## DATA SHOWN
■ ■ ■ ■ ■
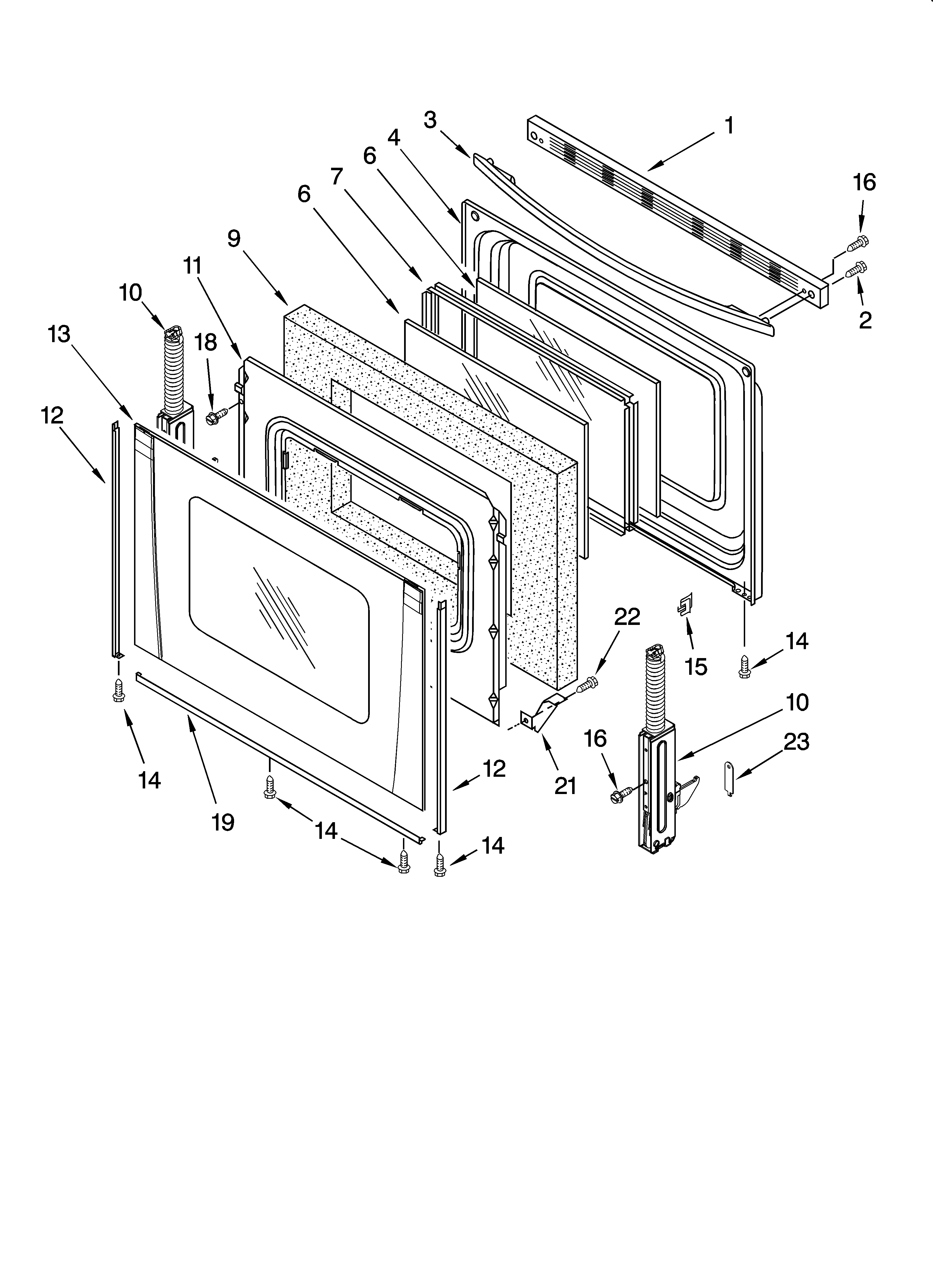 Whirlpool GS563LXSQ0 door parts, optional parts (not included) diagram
■ ■ ■ ■ ■
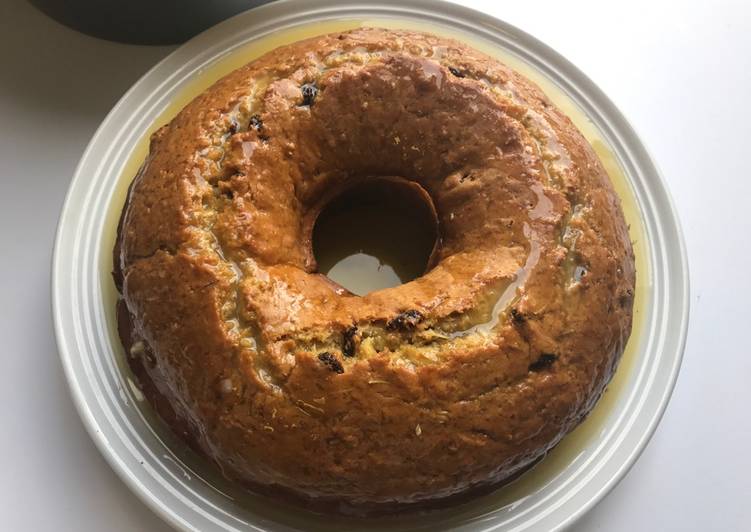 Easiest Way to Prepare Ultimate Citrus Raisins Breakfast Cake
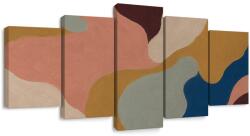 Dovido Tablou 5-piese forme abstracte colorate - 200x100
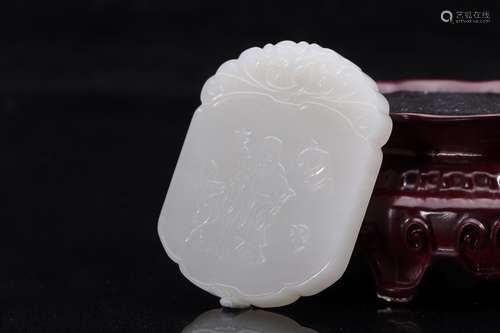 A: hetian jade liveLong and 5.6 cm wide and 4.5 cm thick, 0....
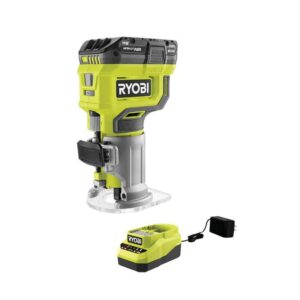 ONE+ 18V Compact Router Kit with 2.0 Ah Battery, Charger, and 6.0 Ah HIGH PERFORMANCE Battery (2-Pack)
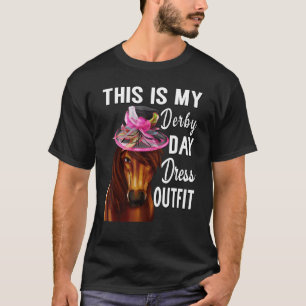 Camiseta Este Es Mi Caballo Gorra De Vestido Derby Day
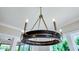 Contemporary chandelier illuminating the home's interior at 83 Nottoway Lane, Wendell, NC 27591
■ ■ ■ ■ ■
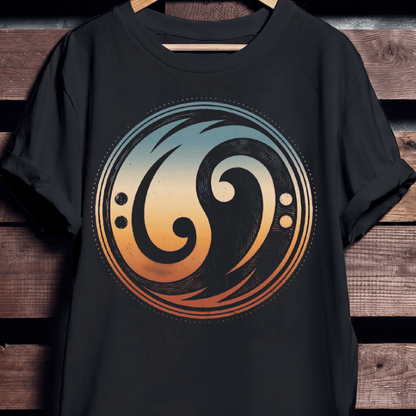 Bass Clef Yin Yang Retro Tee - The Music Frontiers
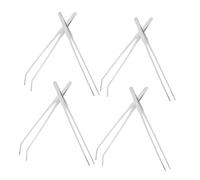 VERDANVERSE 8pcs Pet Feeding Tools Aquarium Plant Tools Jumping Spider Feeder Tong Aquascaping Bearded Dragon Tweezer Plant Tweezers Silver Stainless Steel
■ ■ ■ ■ ■
## WORK INSTRUCTIONS
With the pictures removed from your copy, retype the lines above from the one that contains "Dovido Tablou 5-piese" through the one that contains "Camiseta Este Es", exactly.

## RESPONSE AREA
 Dovido Tablou 5-piese forme abstracte colorate - 200x100
 A: hetian jade liveLong and 5.6 cm wide and 4.5 cm thick, 0....
 ONE+ 18V Compact Router Kit with 2.0 Ah Battery, Charger, and 6.0 Ah HIGH PERFORMANCE Battery (2-Pack)
 Camiseta Este Es Mi Caballo Gorra De Vestido Derby Day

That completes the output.